To do:
Would you please transcribe the entire listing exactly?
== Entries supplied
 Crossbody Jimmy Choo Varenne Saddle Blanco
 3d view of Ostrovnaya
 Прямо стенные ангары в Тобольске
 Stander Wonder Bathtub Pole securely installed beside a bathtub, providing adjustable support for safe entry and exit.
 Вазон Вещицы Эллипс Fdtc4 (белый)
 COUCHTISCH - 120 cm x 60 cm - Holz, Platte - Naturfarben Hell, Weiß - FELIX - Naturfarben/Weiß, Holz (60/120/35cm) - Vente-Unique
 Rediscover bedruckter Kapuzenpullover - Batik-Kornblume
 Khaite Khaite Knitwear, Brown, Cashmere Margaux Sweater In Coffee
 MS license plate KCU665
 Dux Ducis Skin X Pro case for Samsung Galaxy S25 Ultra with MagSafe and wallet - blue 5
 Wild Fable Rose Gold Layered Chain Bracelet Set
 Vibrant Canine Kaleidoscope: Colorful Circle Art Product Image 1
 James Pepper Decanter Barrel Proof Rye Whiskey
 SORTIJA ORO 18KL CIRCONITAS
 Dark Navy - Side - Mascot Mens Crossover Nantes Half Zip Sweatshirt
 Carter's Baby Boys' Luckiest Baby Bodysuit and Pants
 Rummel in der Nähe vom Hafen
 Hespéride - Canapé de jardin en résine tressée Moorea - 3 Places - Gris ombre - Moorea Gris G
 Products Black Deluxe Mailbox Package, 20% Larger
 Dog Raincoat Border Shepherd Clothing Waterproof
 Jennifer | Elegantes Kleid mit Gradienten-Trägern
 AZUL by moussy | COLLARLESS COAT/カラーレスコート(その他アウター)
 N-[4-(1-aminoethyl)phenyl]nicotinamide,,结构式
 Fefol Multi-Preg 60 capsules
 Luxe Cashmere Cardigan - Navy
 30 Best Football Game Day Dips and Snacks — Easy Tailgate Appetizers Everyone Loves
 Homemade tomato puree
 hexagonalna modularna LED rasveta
====
Reply:
 Crossbody Jimmy Choo Varenne Saddle Blanco
 3d view of Ostrovnaya
 Прямо стенные ангары в Тобольске
 Stander Wonder Bathtub Pole securely installed beside a bathtub, providing adjustable support for safe entry and exit.
 Вазон Вещицы Эллипс Fdtc4 (белый)
 COUCHTISCH - 120 cm x 60 cm - Holz, Platte - Naturfarben Hell, Weiß - FELIX - Naturfarben/Weiß, Holz (60/120/35cm) - Vente-Unique
 Rediscover bedruckter Kapuzenpullover - Batik-Kornblume
 Khaite Khaite Knitwear, Brown, Cashmere Margaux Sweater In Coffee
 MS license plate KCU665
 Dux Ducis Skin X Pro case for Samsung Galaxy S25 Ultra with MagSafe and wallet - blue 5
 Wild Fable Rose Gold Layered Chain Bracelet Set
 Vibrant Canine Kaleidoscope: Colorful Circle Art Product Image 1
 James Pepper Decanter Barrel Proof Rye Whiskey
 SORTIJA ORO 18KL CIRCONITAS
 Dark Navy - Side - Mascot Mens Crossover Nantes Half Zip Sweatshirt
 Carter's Baby Boys' Luckiest Baby Bodysuit and Pants
 Rummel in der Nähe vom Hafen
 Hespéride - Canapé de jardin en résine tressée Moorea - 3 Places - Gris ombre - Moorea Gris G
 Products Black Deluxe Mailbox Package, 20% Larger
 Dog Raincoat Border Shepherd Clothing Waterproof
 Jennifer | Elegantes Kleid mit Gradienten-Trägern
 AZUL by moussy | COLLARLESS COAT/カラーレスコート(その他アウター)
 N-[4-(1-aminoethyl)phenyl]nicotinamide,,结构式
 Fefol Multi-Preg 60 capsules
 Luxe Cashmere Cardigan - Navy
 30 Best Football Game Day Dips and Snacks — Easy Tailgate Appetizers Everyone Loves
 Homemade tomato puree
 hexagonalna modularna LED rasveta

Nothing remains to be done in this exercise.